Am Sonntag wird dem Russland- und Osteuropa-Kenner Karl Schlögel in der Frankfurter Paulskirche der Friedenspreis des deutschen Buchhandels verliehen. Es war ein weiter Weg für Schlögel vom Redakteur des Magazins «Dem Volke dienen» zu seinem publizistischen Einsatz für das Land, in dem eine Partei mit dem Namen «Diener des Volkes» den Präsidenten stellt.
Das Magazin gab der maoistisch orientierte Kommunistische Studentenverband heraus, in dem er sich zu Beginn seines Studiums an der Freien Universität Berlin engagierte. Bei dem Land handelt es sich um die Ukraine, für deren Recht auf Selbstbestimmung Schlögel streitet. Die beiden so ähnlich klingenden Namen von Magazin und Präsidentenpartei stehen am Anfang und am vorläufigen Ende der keineswegs geradlinigen Strecke, die er als politischer Autor zurückgelegt hat.
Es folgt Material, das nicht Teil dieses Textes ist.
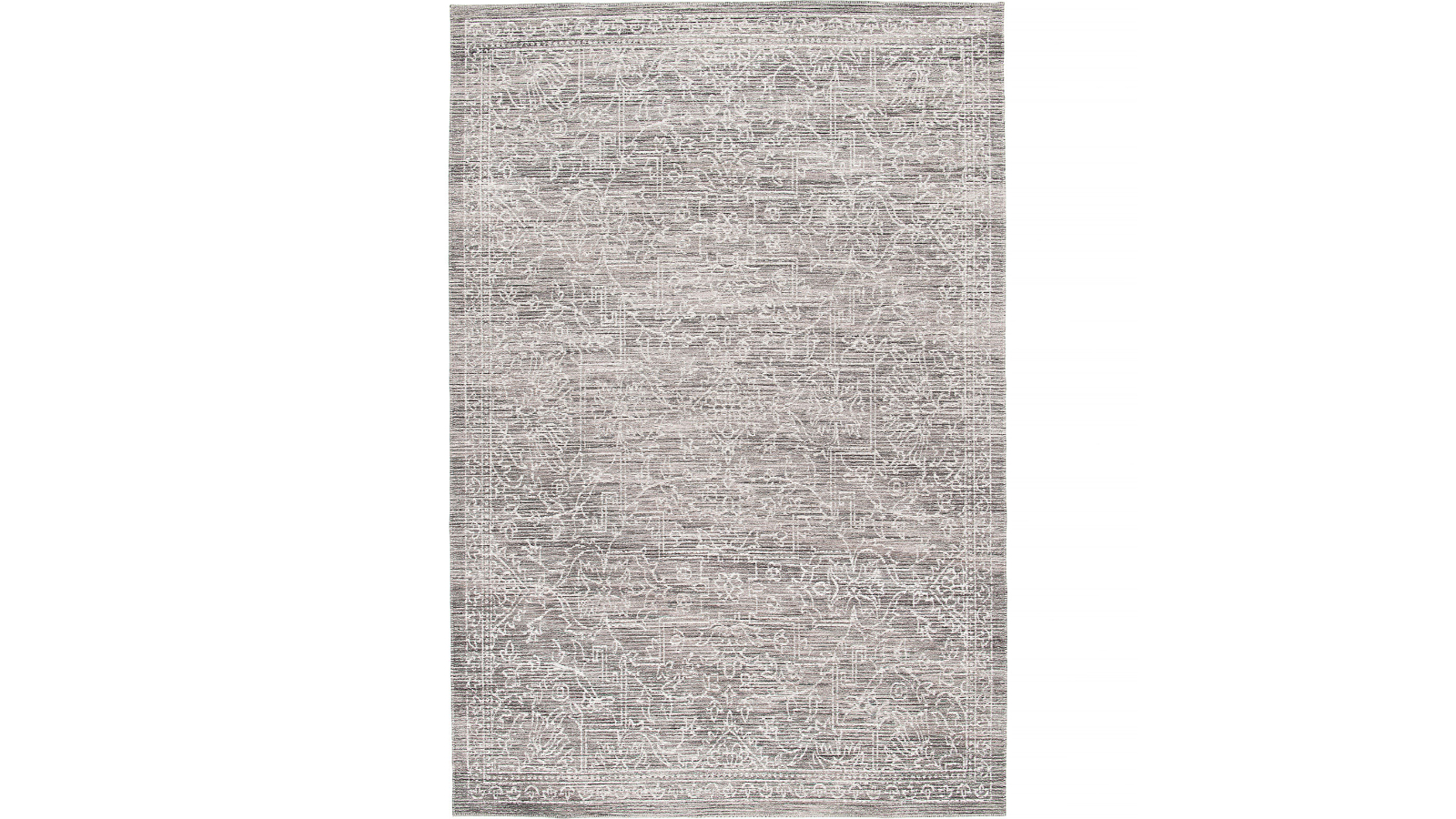 Nomad Vintage Trad Rug - Extra Large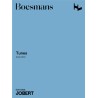 jj2218-boesmans-philippe-tunes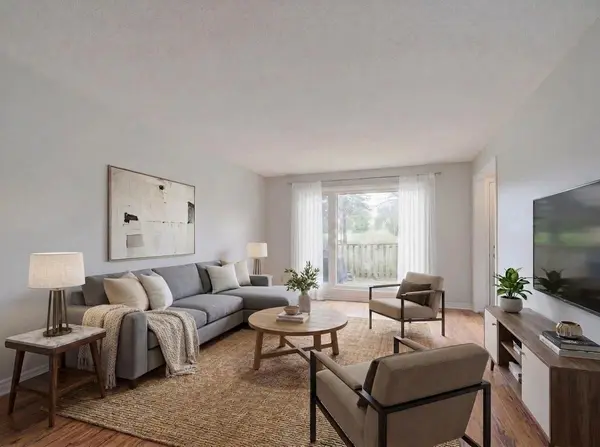 60 Wilsonview AVE #n/a, Guelph, ON N1G 2Z9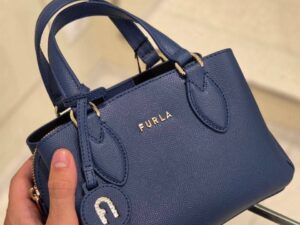 FURLA 42190
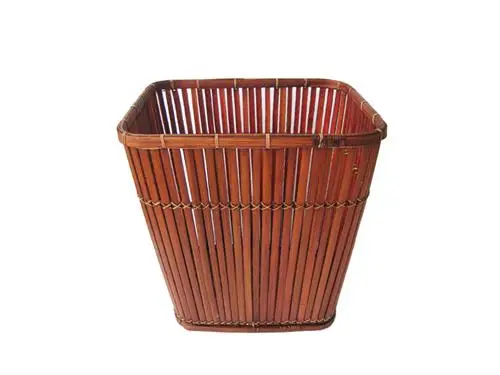 bamboo vase 2.jpg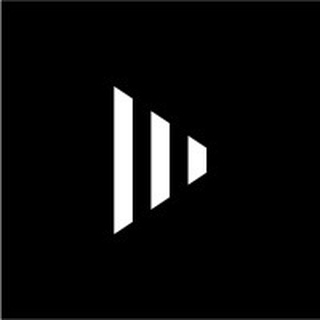 Disguise Technologies Ltd logo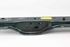 Image sur Support avant superior Chrysler Voyager de 1997 à 2001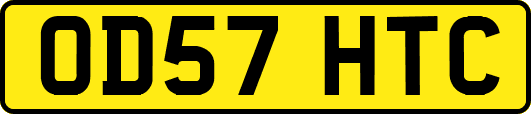 OD57HTC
Renommierter Russland-Erklärer
Über Jahrzehnte hat er sich den Ruf erarbeitet, der einflussreichste Russland-Erklärer im deutschsprachigen Raum zu sein. Seine Bücher und Essays, in einer kraftvollen Sprache geschrieben, fanden ein starkes Echo in den Bildungsschichten, weil sie die grossen kulturellen Strömungen anhand von Beobachtungen und Gegenständen aus dem Alltag erklärten. Zunehmend nahm er von seiner Wirkungsstätte, der Universität Viadrina in Frankfurt/Oder, auch Mittelosteuropa in den Blick, an erster Stelle Polen.
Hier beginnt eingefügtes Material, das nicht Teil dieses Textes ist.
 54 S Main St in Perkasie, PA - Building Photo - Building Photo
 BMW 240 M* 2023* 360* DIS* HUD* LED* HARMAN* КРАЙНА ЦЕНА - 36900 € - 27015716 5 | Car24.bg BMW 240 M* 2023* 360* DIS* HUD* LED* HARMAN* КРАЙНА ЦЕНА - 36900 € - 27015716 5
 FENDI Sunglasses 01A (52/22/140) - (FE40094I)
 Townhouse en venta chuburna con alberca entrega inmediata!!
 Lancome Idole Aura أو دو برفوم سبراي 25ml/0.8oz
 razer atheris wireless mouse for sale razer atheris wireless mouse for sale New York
Mit dem russischen Angriffskrieg auf die Ukraine, der keineswegs erst im Februar 2022 begann, sondern bereits im März 2014 mit der Annexion der Krim und dem Einfall der Truppen Moskaus unter falscher Flagge, nämlich als «russischsprachige ukrainische Separatisten», in den Donbass, nahm er eine neue Rolle ein: Er wurde zum Mahner, gar zum Propagandisten der militärischen und politischen Unterstützung der angegriffenen Ukraine, die bei all ihren Problemen und Mängeln doch eine Demokratie war, in der ein Machtwechsel nach Wahlen der Normalfall war, in der es keine Zensur und keine politischen Gefangenen gab.
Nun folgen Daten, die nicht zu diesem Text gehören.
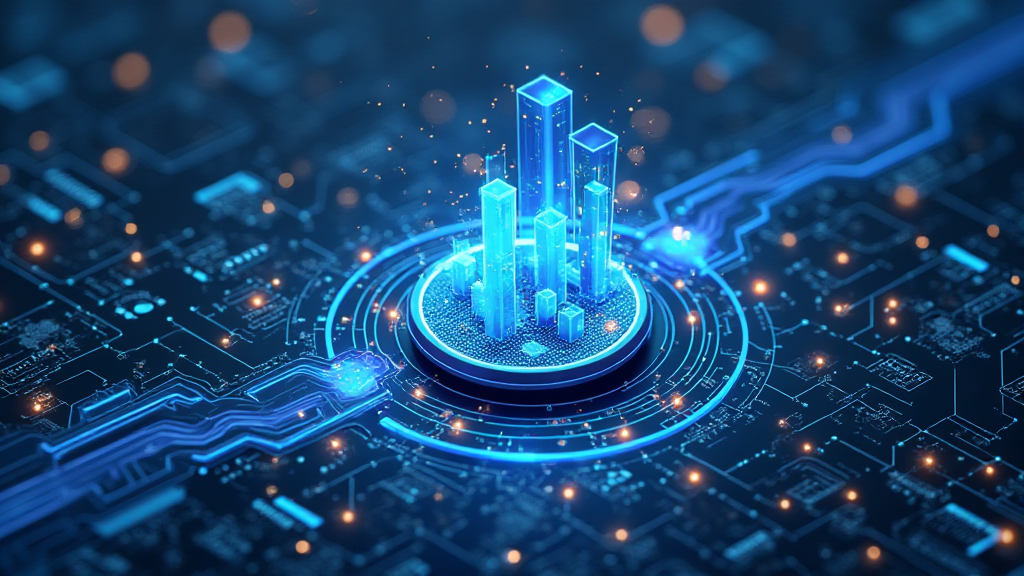 Vietnam cryptocurrency liquidity providers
Es ist beides, seine Rolle als klassischer Kulturvermittler und sein Engagement für die Grundwerte der Demokratie, die nun mit der Verleihung des Friedenspreises des deutschen Buchhandels gewürdigt werden.
Politische Anfänge als Maoist
Der Weg dahin war keineswegs ein Mäandern, vielmehr kennzeichneten ihn zwei grosse Kehrtwendungen: Die erste führte ihn aus einem konservativen Elternhaus hin zu den Roten Zellen an der Freien Universität. Die Eltern führten einen Bauernhof im Allgäu, den Sohn schickten sie auf das Benediktinergymnasium in Ottobeuren, von wo er auf das Klosterinternat Scheyern in Oberbayern wechselte. Dort gehörte eine für das bayrische Schulsystem exotische Sprache zu seinen Wahlfächern: Russisch. Damit war auch sein Interesse für die Sowjetunion und ihr ideologisches System geweckt, vielleicht eine Reaktion auf das rigide Regime im Alltag unter den Ordensleuten. Jedenfalls war Schlögel bei weitem nicht der erste Klosterschüler, der im Erwachsenenleben erst einmal bei den entschiedenen Kirchengegnern andockte.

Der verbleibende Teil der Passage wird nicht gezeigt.